Teen behind the champion
Updated: 2011-01-28 11:11
By Tang Yue (China Daily European Weekly)
New York Times columnist Nicholas Kristof describes Hou Yifan |
She is the world's youngest champ, but still wears Mickey Mouse on her jeans
To all appearances, she could have been the girl-next-door, with cute clips in her hair and a pair of jeans spotting Disney appliqus. But unlike most giggling schoolgirls her age, the 16-year-old is very calm and collected, and speaks softly and slowly.
Those measured tones probably come from her years of training with intense concentration at the chessboard, where she now rules.
Still, her youthfulness shows through as she plays with her hair and flips my business card over and over again in her hands. We were sitting down for an interview at the Chinese Chess Academy, where they are still all hyped up over her recent win at the Women's World Chess Championship last month in Hatay, Turkey.
The New York Times' Pulitzer Prize-winning columnist Nicholas Kristof last month described Hou as the "human face of rising China", which Kristof described, "belongs not to some Politburo chief, not to an Internet tycoon, but to a quiet, mild-mannered teenage girl named Hou Yifan."

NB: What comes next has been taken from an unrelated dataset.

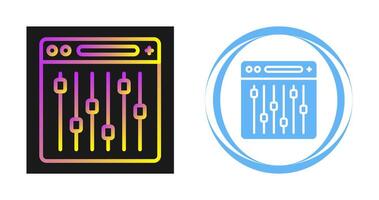 icono de vector de configuración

He went on to describe Hou as the icon who "reflects the way China - by investing heavily in education and human capital, particularly in young women - is increasingly having a greater impact on every aspect of the world.
" China has also done an extraordinarily good job of investing in its people and in spreading opportunity across the country. Moreover, perhaps as a legacy of Confucianism, its citizens have shown a passion for education and self-improvement - along with remarkable capacity for discipline and hard work, what the Chinese call chi ku, or 'eating bitterness'.
"Only about 1 percent of Chinese play chess, and China has never been a chess power. But since 1991, China has produced four women's world chess champions, and Ms. Hou is the one with by far the most promise."
Eat you heart out. Hou is clearly a product of the gentle Tiger mama and her Dragon coach.
Kristof goes on to describe how he challenged Hou to a game of chess, and was soundly defeated in 21 moves, even though she had just got off the plane from Turkey.
The girl herself shrugs it all off.
"I'm still who I am, and I just do what I should do," she says with a smile, She also refuses to be labeled a "genius" and in all her media interviews, Hou has always simply admitted that she has been "blessed with some gift in this particular field".
Her day starts at 8.30 in the morning when she reports at the Chess Academy and plays chess until 11 am. After lunch and a short nap, she returns for another two to three hours' of training. In the evenings, she may spend some time swimming, "just for exercise and always very slow".
Hou likes reading, but prefers literature and biography to scientific works. She recently read Hillary Clinton's autobiography Living History and thinks Clinton is a "really great woman".
Like all young girls her age, she enjoys movies and is a fan of singer Wei Chen, who gained fame in Happy Boys, the Chinese version of American Idol. And then, there is the Internet, which Hou admits she cannot live without.
This is where she expands her social network and keeps up with friends she cannot meet often physically.
And like a normal teenager, too, she argues with her parents often, she says.
"But our family is really democratic. No one always has the final say. It depends on who uses the more reasonable argument."
Hou Yifan has two targets. One is to keep honing her skills in chess.
The other wish is to go to university just like her closest rival, Ruan Lufei, who is now a doctoral candidate at Carnegie Mellon University in the US.
With a career path supported by her country and the unfailing support from her parents, Hou Yifan will be doing all that, before you have time to think "checkmate".